■ EXERCISE DETAILS: Nothing but the lines from the one with "Jakarlı Taş Detaylı Tunik" through the final line of the entries below should be written out, each exactly as given.

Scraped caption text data
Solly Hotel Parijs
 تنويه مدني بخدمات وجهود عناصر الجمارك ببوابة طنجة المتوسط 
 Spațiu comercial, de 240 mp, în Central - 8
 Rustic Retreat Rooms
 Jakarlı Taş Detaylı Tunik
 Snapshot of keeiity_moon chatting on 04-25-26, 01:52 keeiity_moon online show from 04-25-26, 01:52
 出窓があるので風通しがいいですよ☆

■ REPLY:
 Jakarlı Taş Detaylı Tunik
 Snapshot of keeiity_moon chatting on 04-25-26, 01:52 keeiity_moon online show from 04-25-26, 01:52
 出窓があるので風通しがいいですよ☆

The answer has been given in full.